Missed trading opportunities
The other point the trader made was that perhaps there were a couple of trades that should have been taken. There are two points to consider in this regard. The first is that you aren’t likely to be able to catch every single trade that occurs. Clearly if you are missing a significant number then it becomes a problem, but missing the odd trade here and there is just not something that you’re going to be able to avoid.
The second point is that you might not take trades where market conditions are such that the trades that do occur are borderline. If you step back from the market when there is good reason to do so, then there will always be trades you don’t take that still turn out to be winners.
Recognize days of opportunity and days of chop
So how do you tell when you should press the gas pedal and when you should probably step back from poor market conditions?
To begin with and this almost goes without saying, you should know exactly what your trades look like, where they tend to occur and what conditions give them the best chance of success. If your strategy does particularly well when a market trends but performs poorly in ranging conditions, you need to consider this a factor in how you trade.
Once you know what favorable the market conditions look like, you need to anticipate possible conditions before the trading session begins. So if you’re looking for a trend or even just a move, you need to consider where the market is in relation to recent sessions (i.e. is it going to open within recent activity or is likely to be trading at new prices) and whether there’s anything such as news that’s driving the market (or if upcoming economic data is likely to hold movement back before the release).
Know When You’ve Got Away From a Poor Trading Session
The email went on to say that “taking trades blindly today would have led to several losses”. This is the nature of trading – have the sense to assess market conditions in deciding whether or not to take a trade, but also the confidence to take trades when they meet your criteria.
Unfortunately, there are days where there’s likely to be a less than optimal trading environment – but fortunately, it’s not too much of a stretch to anticipate this sort of thing. The particular day in question was the Wednesday before very important BoE (UK interest rate decision), ECB (European rate decision) on Thursday and NFP (US jobs data) on Friday.
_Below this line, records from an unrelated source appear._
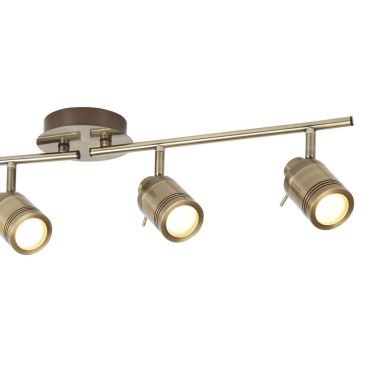 MODÈLE D’EXPOSITION - Searchlight Samson - spot en saillie 4L - 79 x 13 x 19,5 cm - IP44 - laiton antique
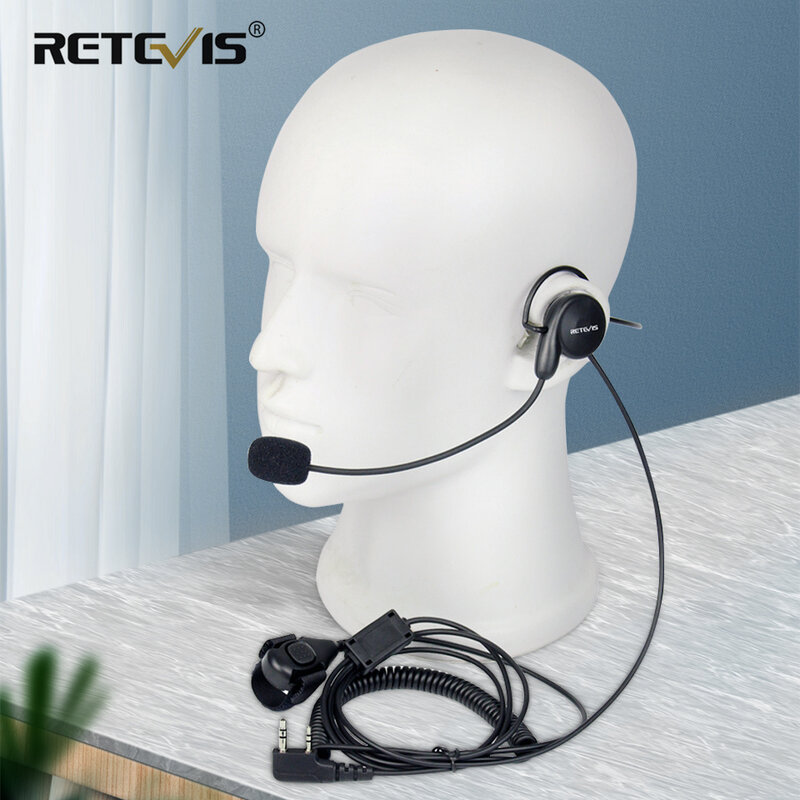 Retevis-fone de ouvido intra-auricular com microfone, 2 pinos, conexão ptt para kenwood baofeng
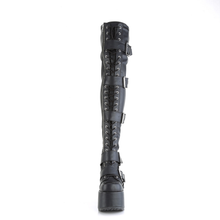 Load image into Gallery viewer, Chunky Heel Lace-Up Stretch Thigh-High Boots with Buckle Straps and Inner Side Metal Zip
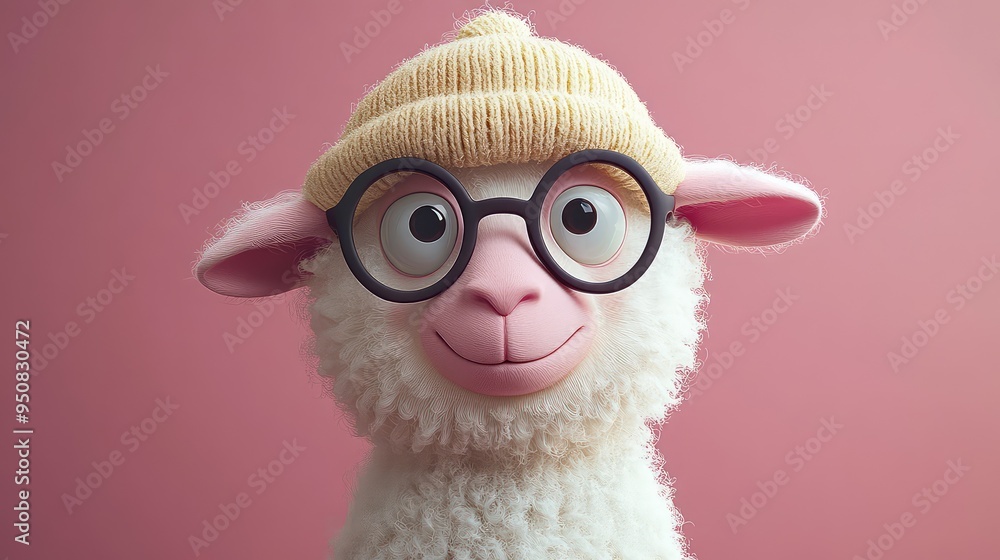 Poster 3d animated character of a sheep with glasses and hat against a plain background, perfect for creati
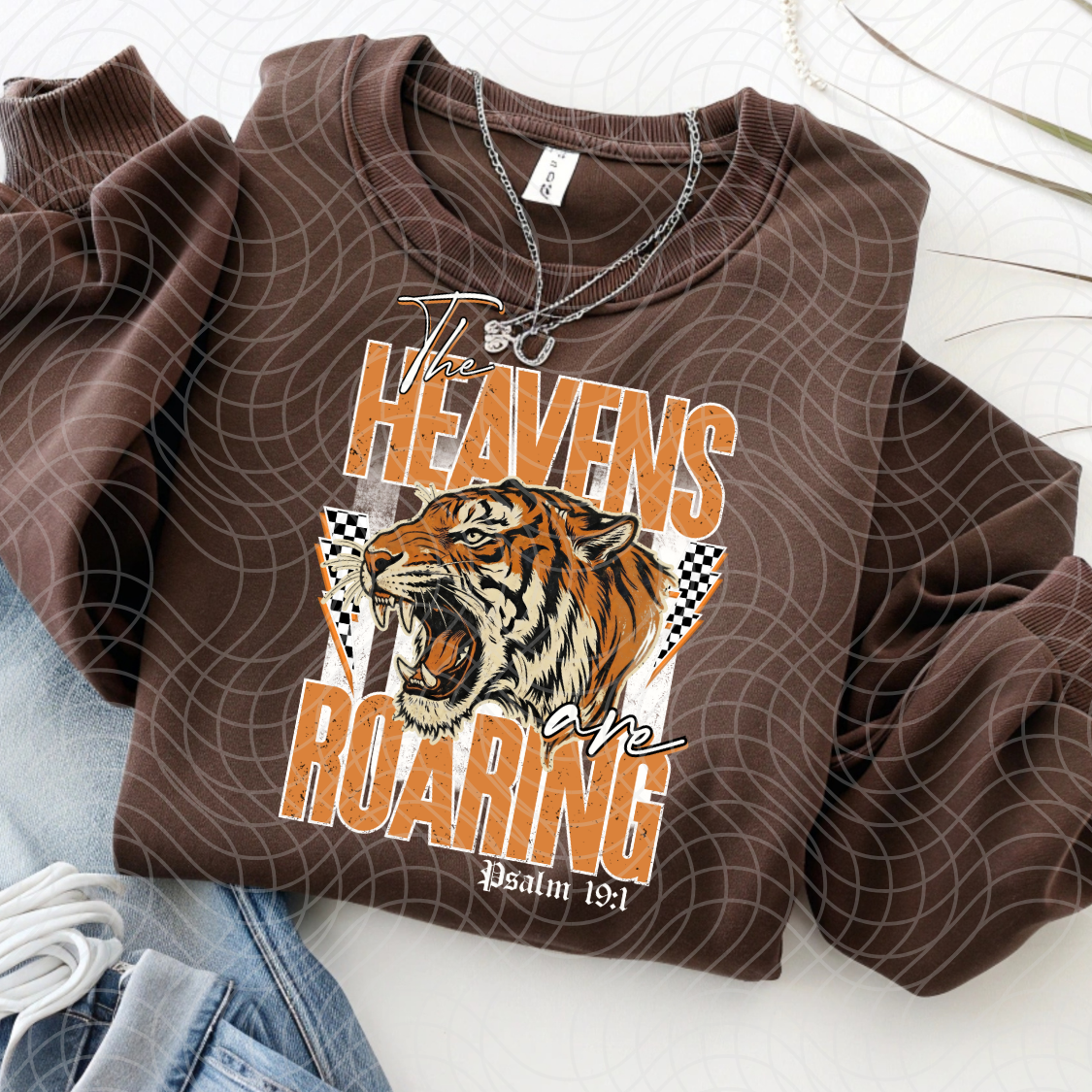 THE HEAVENS ARE ROARING WHITE -DTF TRANSFER
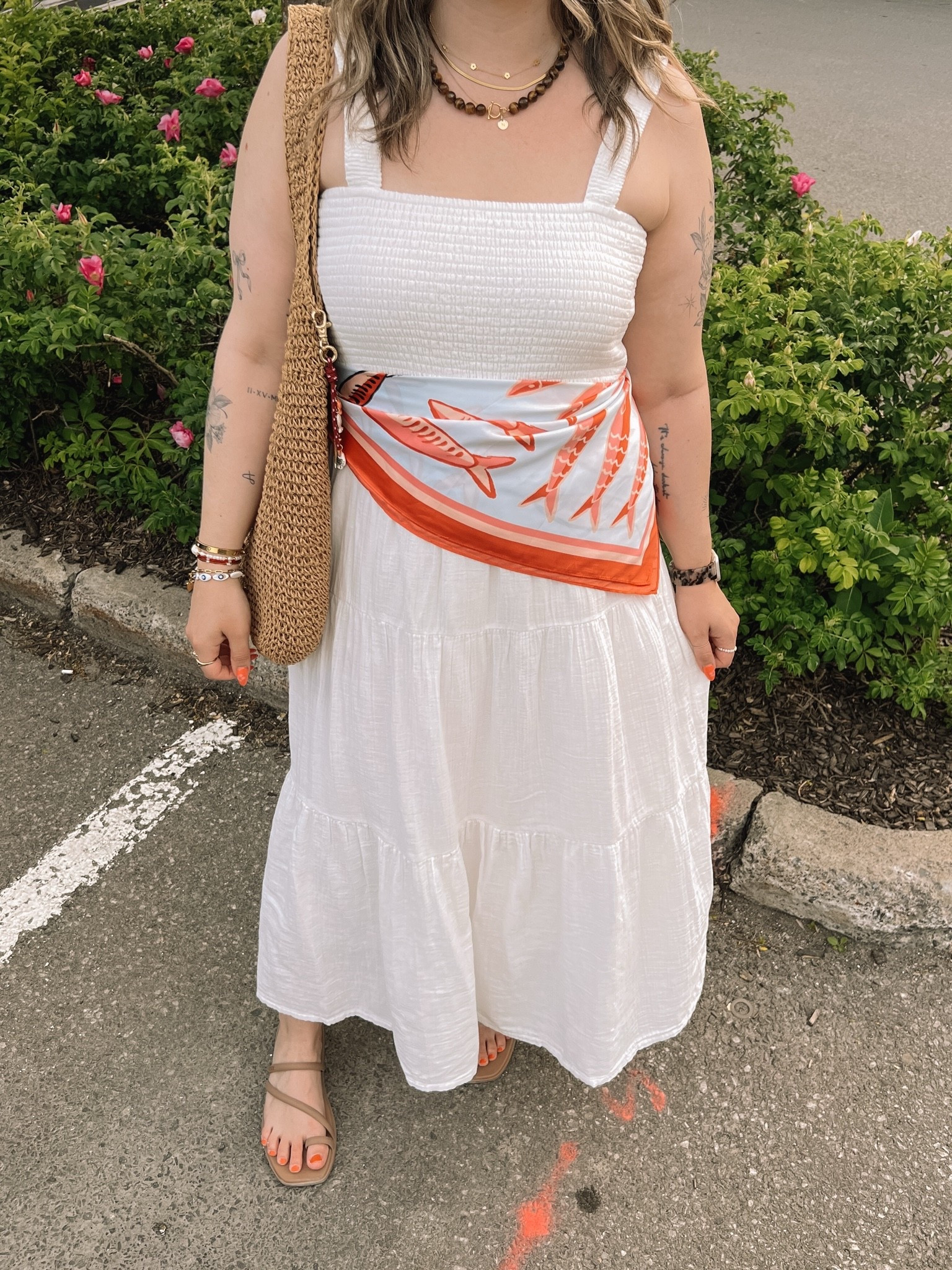 Summer date night outfit! Wearing my usual L in the white maxi dress. Crocs sandals are super comfy, I’m a 9.5-10 and wear a 10. Canadian scarf & crocs links are under similar products

#LTKsummer #LTKdresses #LTKmidsize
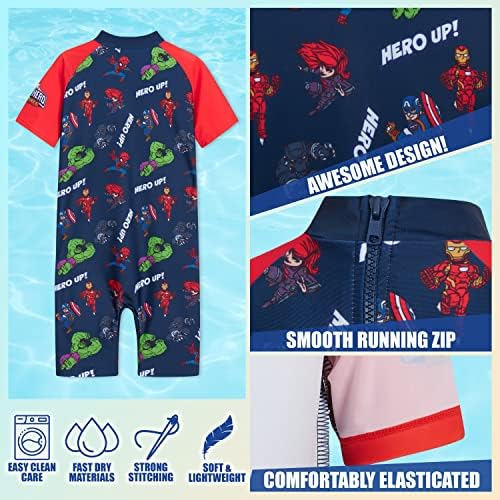 Marvel Kids Swimming Costume Summer Holiday Essentials For Kids Hulk Spiderman Childrens Swimwear 3-10 Years Short Sleeve Full Body Swimsuit Beachwear
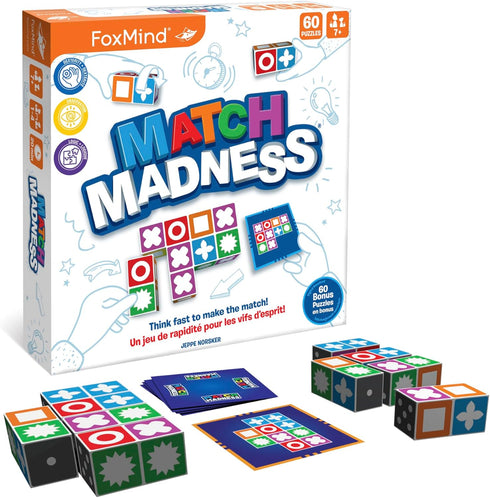 FoxMind Match Madness Board Game - Visual Recognition Matching Game for Family, Develop Kids' Problem Solving Skills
The key idea to note here was that the action had been sideways leading up to the Wednesday before the first of the set of key data. In fact, it had dipped lower and re-entered a strong sideways balance from the prior week. So it’s unlikely that the big guns would want to heavily commit prior to the releases and therefore the upcoming session would probably not be very directional – especially if the market couldn’t escape this balance.
Daily profit targets
Having a daily profit target to have something to shoot for and know what your relative performance has been is a good thing. However, it’s crucial to your trading success that you avoid the “I must trade every single session and make $x” mind set. No one trading session is exactly the same and conditions can vary considerably. So spend a little time each day before the session starts, on assessing what the conditions are likely to be.